** Opening PROVIDED RECORDS block **
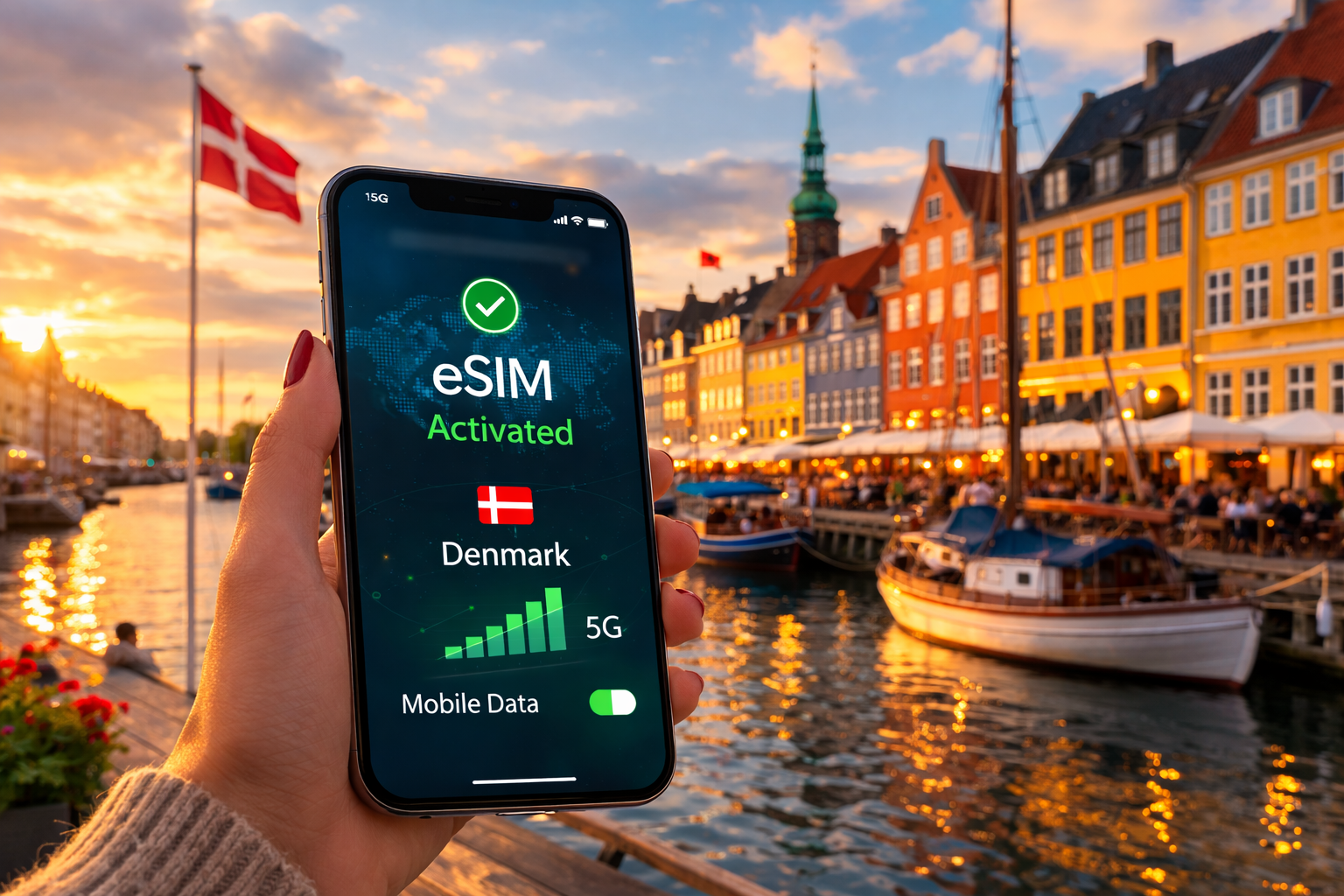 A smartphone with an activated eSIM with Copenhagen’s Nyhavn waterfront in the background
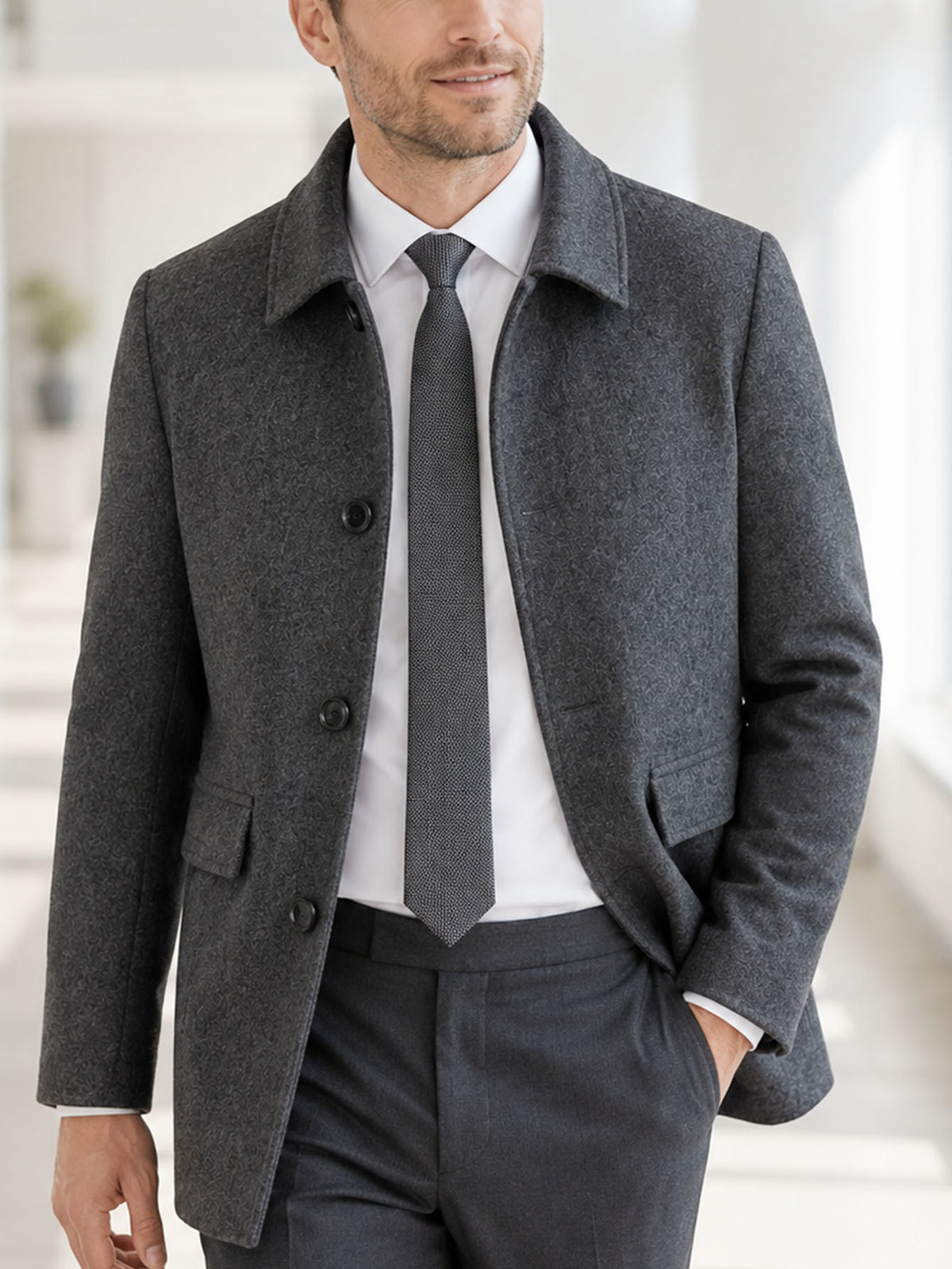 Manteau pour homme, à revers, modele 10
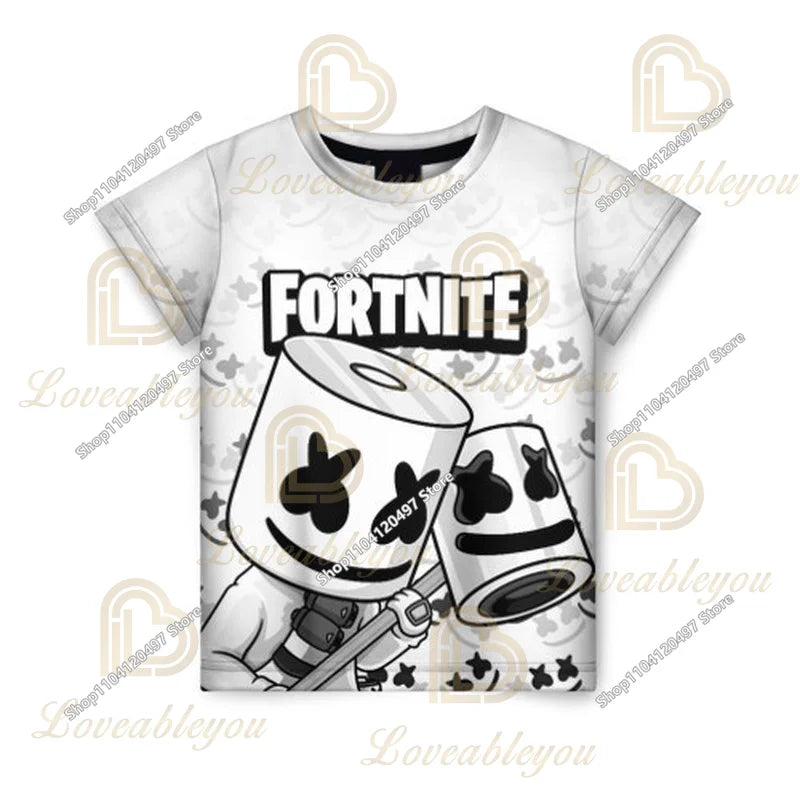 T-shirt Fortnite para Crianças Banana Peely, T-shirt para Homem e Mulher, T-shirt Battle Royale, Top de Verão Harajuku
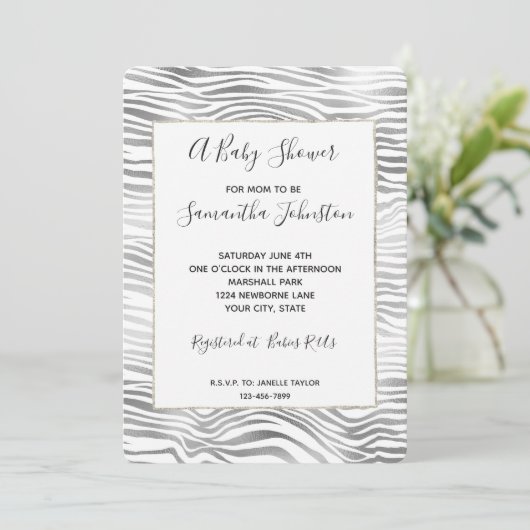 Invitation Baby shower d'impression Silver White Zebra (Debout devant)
** Closing PROVIDED RECORDS block **
** Opening PROVIDED RECORDS block **
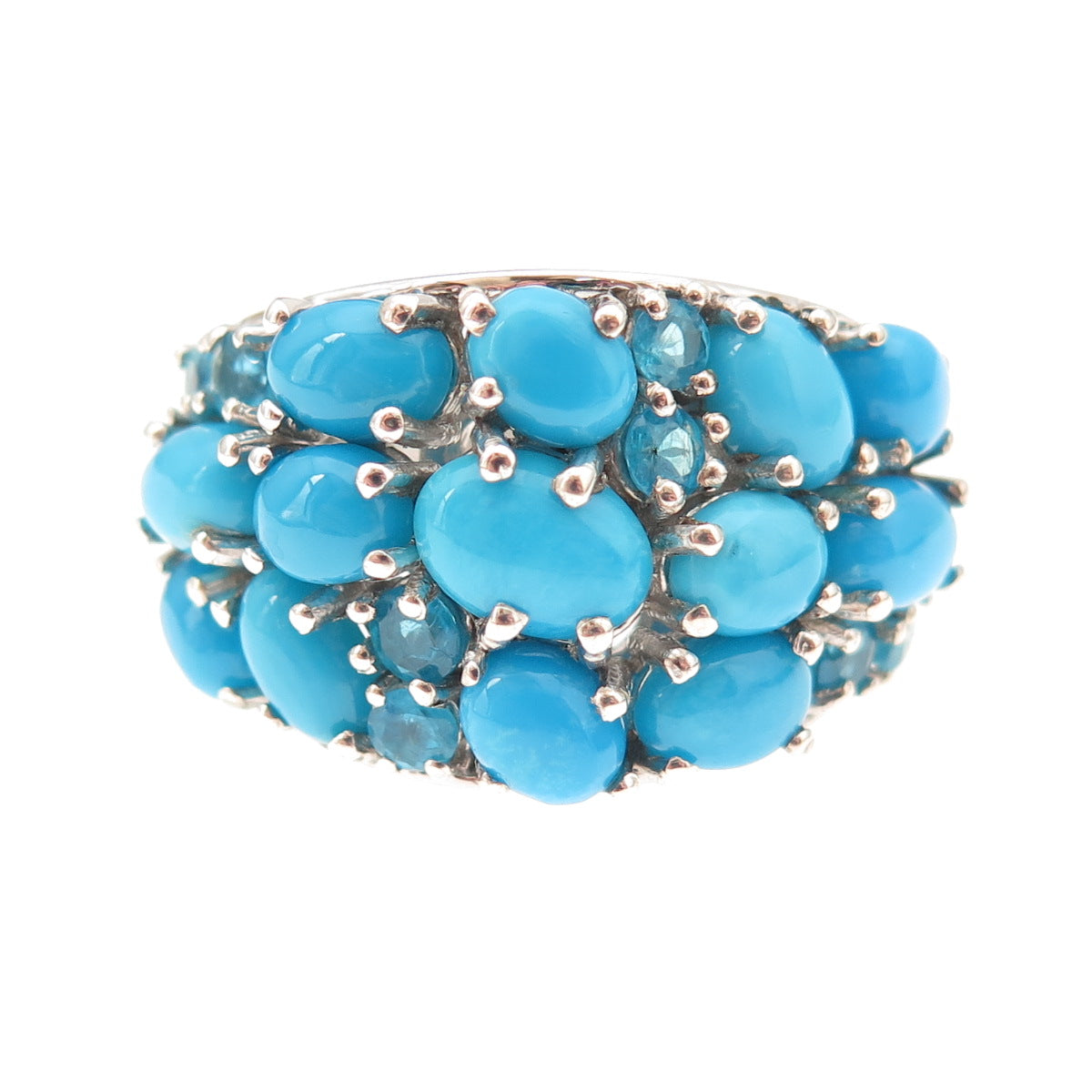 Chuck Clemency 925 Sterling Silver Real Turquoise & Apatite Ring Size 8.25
** Closing PROVIDED RECORDS block **
### EXERCISE AIM:
For this exercise, transcribe exactly the part of the records above that opens with the line containing "A smartphone with" and closes with the one containing "T-shirt Fortnite para". Pictures are not part of the copy.

### EXERCISE RESULT:
 A smartphone with an activated eSIM with Copenhagen’s Nyhavn waterfront in the background
 Manteau pour homme, à revers, modele 10
 T-shirt Fortnite para Crianças Banana Peely, T-shirt para Homem e Mulher, T-shirt Battle Royale, Top de Verão Harajuku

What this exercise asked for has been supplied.